That is what black clothing has always done. It performs a sort of social alchemy. But it doesn’t always happen from the top down. In Renaissance Italy and Spain, black became Europe’s most fashionable color rather than just the obligatory color of mourning.9 Priests, monks, and friars had long dressed in black robes as signs of humility and penitence, as well as of their lack of interest in the things of this world. But by the late fourteenth century, black had become worldly. Wealthy merchants had begun to wear black, no doubt in part to give the impression of sober probity, but also because sumptuary regulations (laws that restricted certain luxury goods, including fabrics and dyes, to specific social classes) prevented them from wearing the rich reds and purples allowed to the aristocracy. The luxurious blacks that were initially produced for these prosperous merchants were soon adapted by aristocrats, sometimes, as is often said, as conspicuous acts of prolonged grieving but usually only because the splendid black fabrics served as brilliant foils for the gold and furs that proclaimed their position and power.
Goethe, in his book on color, had remarked that in the Renaissance “black was intended to remind the Venetian nobleman of republican equality.”10 Perhaps it was so intended, but the reality, of course, was that it served to remind everyone else of the nobleman’s superiority—a superiority proclaimed in subtle but unmistakable marks of distinction, which asserted in fabric, tone, and design what the color alone might have effaced. In the portraits of Renaissance painters like Hans Holbein, Bronzino, Titian, Velázquez, and Anthony van Dyke, it is clear that black had obviously taken its place atop the social ladder.
By the mid-1800s, when the widespread use of black in clothing actually did begin to blur the social distinctions that earlier dress codes were designed to secure, the new fashion latitude was not always looked upon as a positive sign of social progress. The nephew of the nineteenth-century translator of Goethe’s color theories wrote a strange book of decorating and fashion “hints,” in which he lamented not only that “Englishmen wear the same dress at an evening party and at a funeral” but also that “many a host who entertains his friends at dinner has a butler behind his chair who is dressed precisely like himself.” And “to add to this confusion, the clergyman who rises to say grace might, so far as his apparel goes, be mistaken for either.”11
It is confusing. Black is a color worn equally by mourners and monarchs, melancholics and motorcycle enthusiasts.
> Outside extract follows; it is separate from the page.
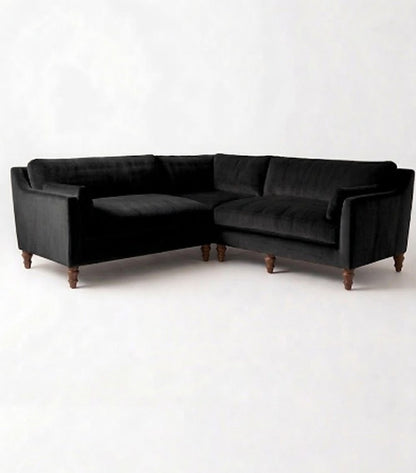 Sillón esquinero Leonelle en pana antimanchas Black, forma en L, almohadones y patas torneadas de madera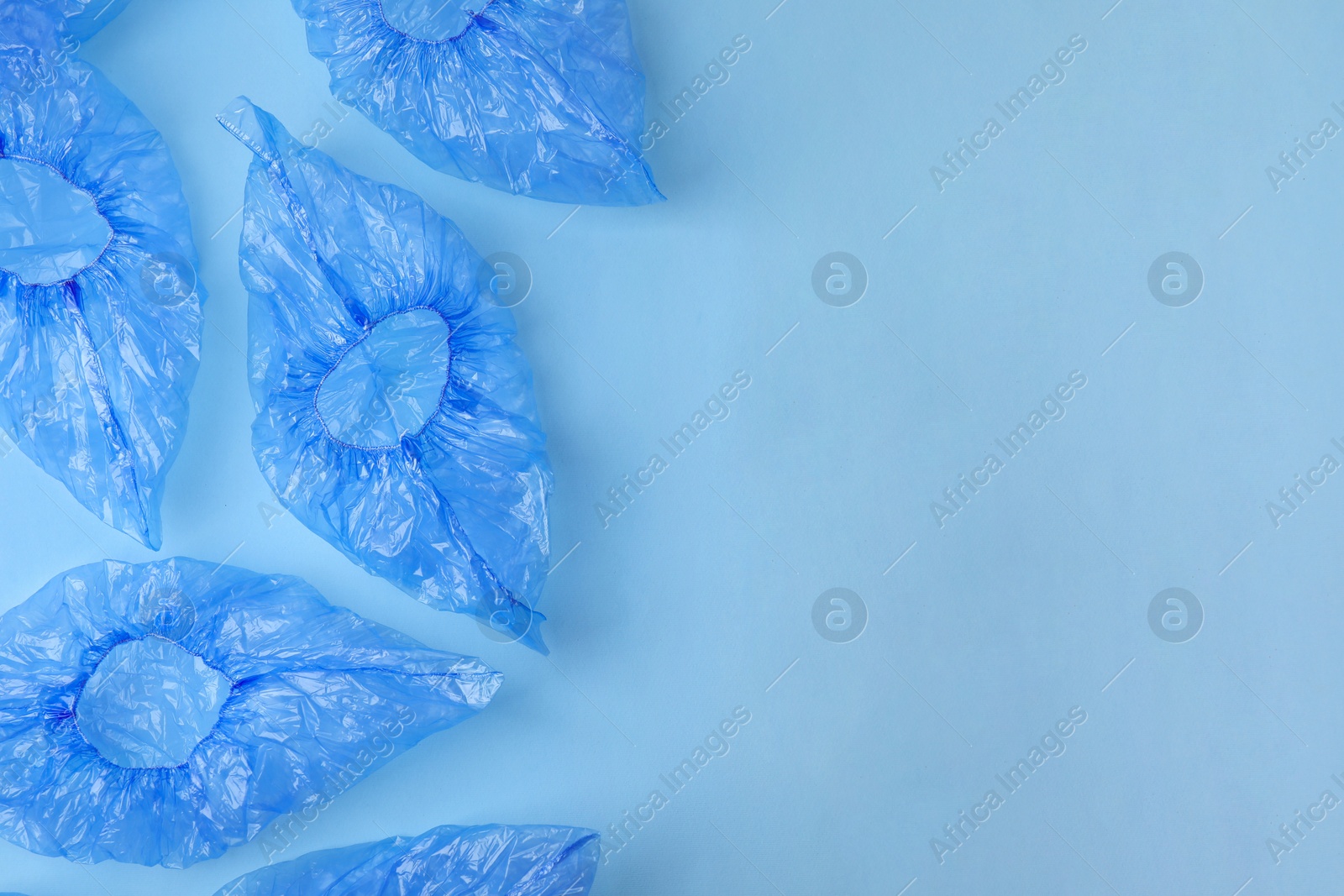 Photo of Medical shoe covers on light blue background, flat lay. Space for text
It’s the color favored both by beatniks (remember those?) and by Batman. By ninjas and by nuns. By fascists and by fashionistas. Hamlet, Himmler, and Hepburn all wore black. So did Martin Luther and Marlon Brando—and Fred Astaire. It is a color that can be both recessive and excessive: the color of abjection and of arrogance, of piety and of perversity, of restraint and of rebelliousness. It’s the color of glamour, and it is the color of gloom.
Yet whatever fashion statement it is intended to make (or merely because it can make so many), black clothing is everywhere. Culture weaves the ambivalence lying at the heart of the color into its different dress codes. In 1846, Charles Baudelaire saw the ubiquitous black clothing on the streets of his Paris as “the inevitable uniform of our suffering age, carrying on its very shoulders, black and narrow, the mark of perpetual mourning.” Maybe it is true, as he said, that “all of us are attending some funeral or another.”12 Certainly all ages suffer, and our various black outfits signify how we respond. They mark how defiant or despairing, or merely indifferent, we feel in the face of that fact.
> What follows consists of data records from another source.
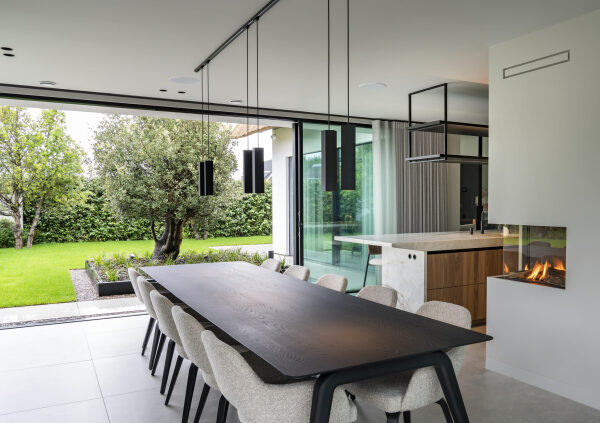 Luxe keuken in notelaar fineer met grote eettafel en veel natuurlijk licht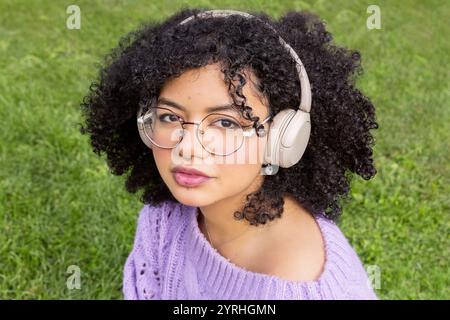 Junge Afro-Latino-Frau mit Kopfhörern und einem lila Pullover, die auf grünem Gras sitzt, ihre lockigen Haare und Brillen spiegeln einen entspannten, modernen Lebensstil wider Stockfoto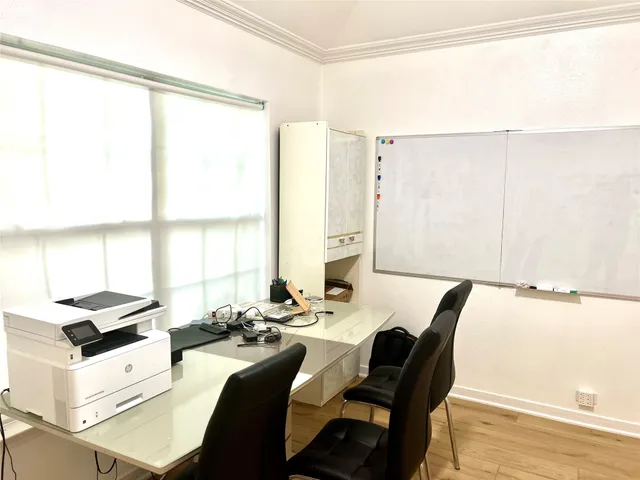 a view of a dining room with furniture and a window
Black, however, is always the dominant color, and always provides our stable point of reference. Every year some new color is proclaimed “the new black”—and every year the old black continues to be what is most in style. “When I find a color darker than black, I’ll wear it,” Coco Chanel is reputed to have said. “Until then, I’ll wear black.” The sentiment was laconically echo
ed by Wednesday Addams, the proto-Goth daughter on the 1960s television comedy The Addams Family: “I’ll stop wearing black when they invent a darker color.”
Seemingly now they have. A British molecular engineering firm, Surrey NanoSystems, has developed a super-black material, named Vanta-black, that is darker than any previously known color, and to which the company has controversially granted exclusive artistic rights to the sculptor Anish Kapoor.13 But it is, as yet, too expensive to be used for clothing. So the old black still will have to do.
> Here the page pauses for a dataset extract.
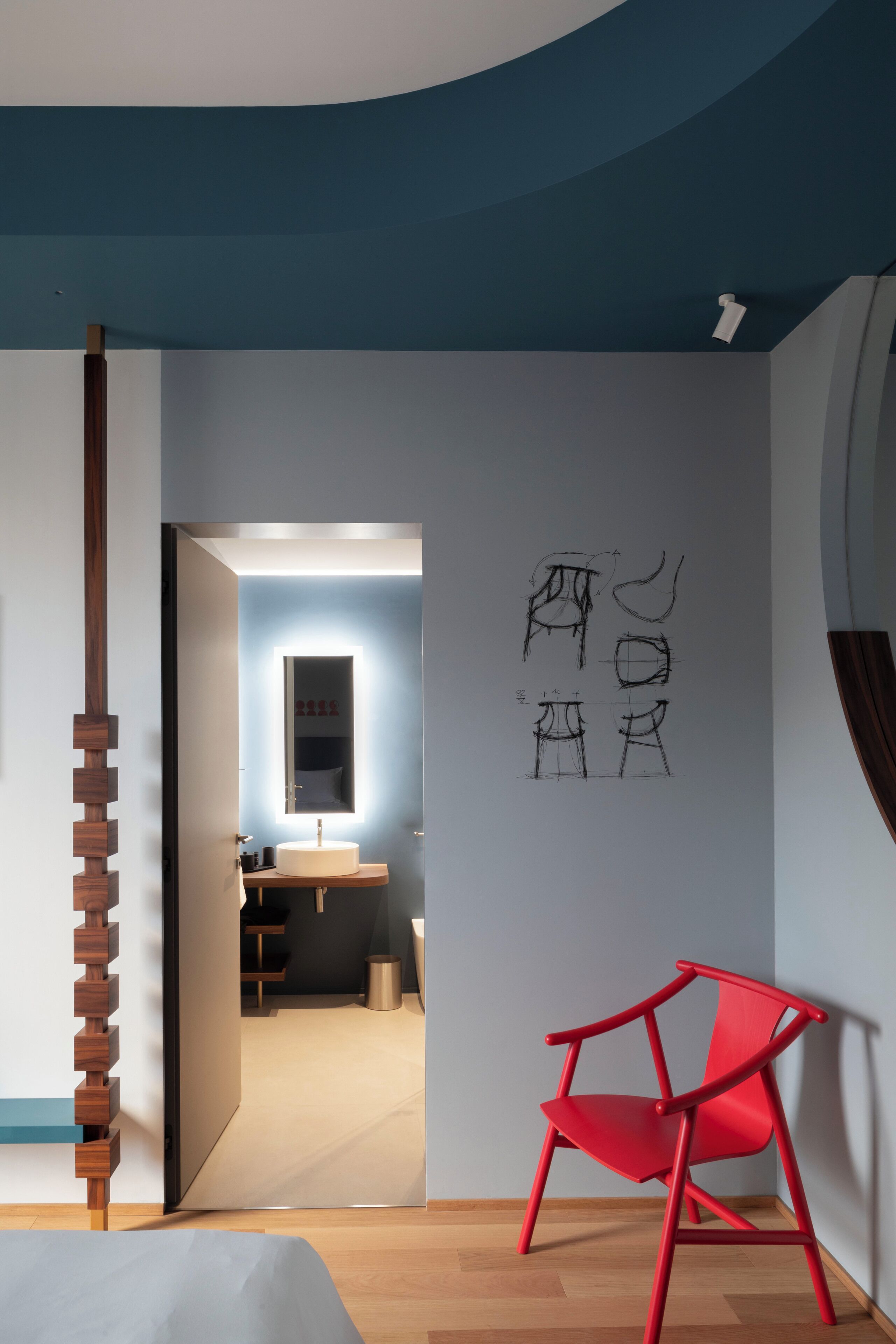 A modern interior with a wooden floor, a red chair, and a wall with sketches.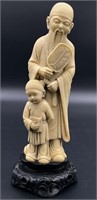 Asian Man With Boy Sculpture on Stand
Yet, however dark black might be, ambivalence surrounds it. It is there in the language we use to name it. Latin needed two words for the color: ater and niger. Ater is the dull black, niger the one that shines, marking the difference, say, between soot and obsidian. In English there is just “black,” but somewhere in its past the same distinction lies. Like Latin, Old English has two words marking a similar difference: sweart and blaec. The visual quality they distinguish is brilliance rather than hue. But complicating this further is that blaec has an Old English twin (or maybe cousin), blac. Understandably, the two words are not always carefully differentiated, even by Old English speakers and scribes. To the degree that this pair can be distinguished at all, blaec means more or less what we today mean by black, but blac means pale, shining, and sometimes even white. Both words come from the identical Indo-European root that means “to burn,” which explains the oddity: one word is used for the carbonized material remaining after a fire, one for the fire itself.
So in the beginning, at least in the linguistic beginning, black was both dull and shiny, dark and light, black and white. None of the older words for “black” was designating exactly what we now think of as a color; none was a chromatic label for a discrete visual experience that is autonomous and abstract. Those older words describe some more complex lived experience, which explains why “black” and “bleach” can be etymologically related—and which should make us wonder how it has happened that we so easily imagine sharply polarized worlds, in which, as Jorge Luis Borges says of the black-and-white chessboard, the “two colors hate each other.”14 But they never were opponents; they were partners. “Black night, white light, inwound as one,” the poet Joaquin Miller wrote.15 And, in any case, colors don’t hate.